# [Source information]
____

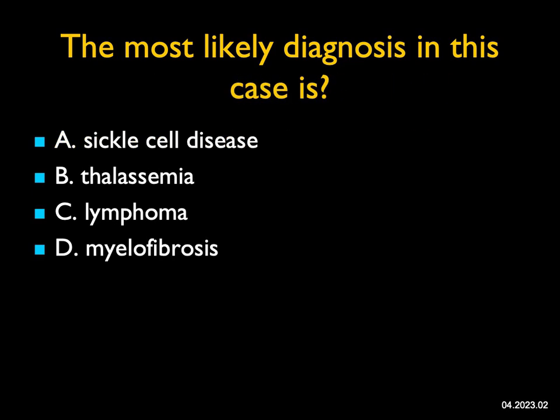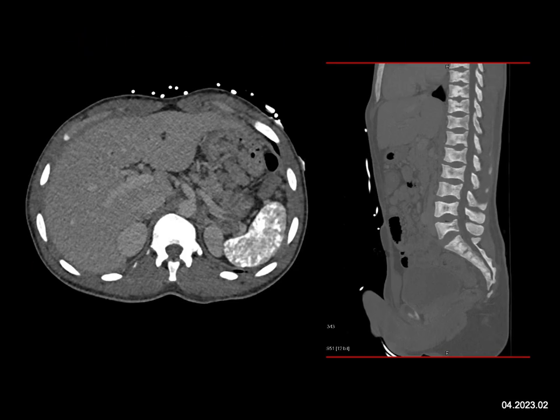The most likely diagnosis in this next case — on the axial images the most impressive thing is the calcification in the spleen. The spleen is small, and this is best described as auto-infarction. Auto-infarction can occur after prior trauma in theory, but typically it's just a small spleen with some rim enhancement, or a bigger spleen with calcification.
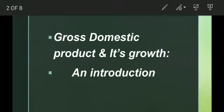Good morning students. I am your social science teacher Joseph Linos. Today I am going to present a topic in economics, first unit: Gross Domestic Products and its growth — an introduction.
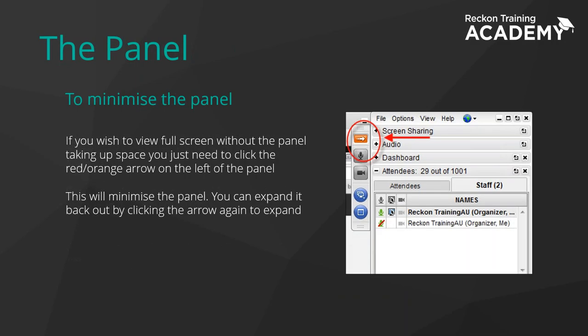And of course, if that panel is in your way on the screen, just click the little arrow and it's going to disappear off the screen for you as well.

____

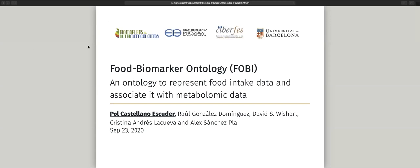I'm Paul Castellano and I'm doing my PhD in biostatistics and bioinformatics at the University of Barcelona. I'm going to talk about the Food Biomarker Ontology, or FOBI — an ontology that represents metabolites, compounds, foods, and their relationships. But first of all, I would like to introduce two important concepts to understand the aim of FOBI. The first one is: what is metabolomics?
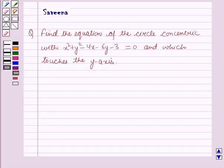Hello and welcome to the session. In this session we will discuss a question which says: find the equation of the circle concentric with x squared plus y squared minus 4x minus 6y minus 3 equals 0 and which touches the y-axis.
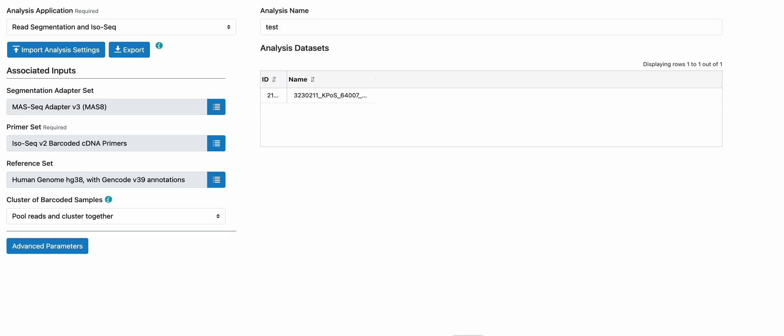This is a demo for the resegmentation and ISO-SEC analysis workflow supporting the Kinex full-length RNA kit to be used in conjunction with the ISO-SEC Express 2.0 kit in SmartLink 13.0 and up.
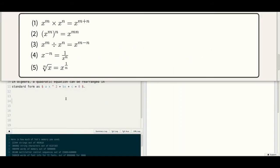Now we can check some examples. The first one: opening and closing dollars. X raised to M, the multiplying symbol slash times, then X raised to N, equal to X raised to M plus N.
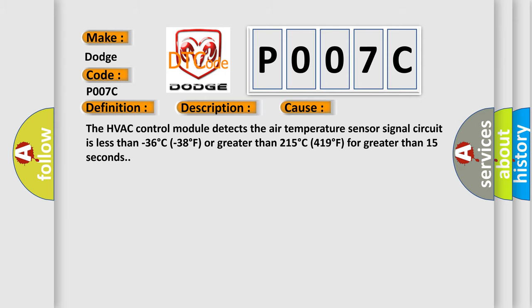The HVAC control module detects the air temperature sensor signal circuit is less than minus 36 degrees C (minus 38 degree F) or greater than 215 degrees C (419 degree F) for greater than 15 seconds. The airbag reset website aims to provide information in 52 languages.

____

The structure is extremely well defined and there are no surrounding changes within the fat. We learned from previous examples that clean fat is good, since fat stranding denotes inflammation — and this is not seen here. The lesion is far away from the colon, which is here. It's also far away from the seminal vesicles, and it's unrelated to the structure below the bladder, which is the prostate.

____

# [Directions for this task]
What lines above run from the one with "The most likely" to the one with "And of course, if"? Give them again exactly, ends included, and leave the pictures out.

# [Exercise answer]
The most likely diagnosis in this next case — on the axial images the most impressive thing is the calcification in the spleen. The spleen is small, and this is best described as auto-infarction. Auto-infarction can occur after prior trauma in theory, but typically it's just a small spleen with some rim enhancement, or a bigger spleen with calcification.
Good morning students. I am your social science teacher Joseph Linos. Today I am going to present a topic in economics, first unit: Gross Domestic Products and its growth — an introduction.
And of course, if that panel is in your way on the screen, just click the little arrow and it's going to disappear off the screen for you as well.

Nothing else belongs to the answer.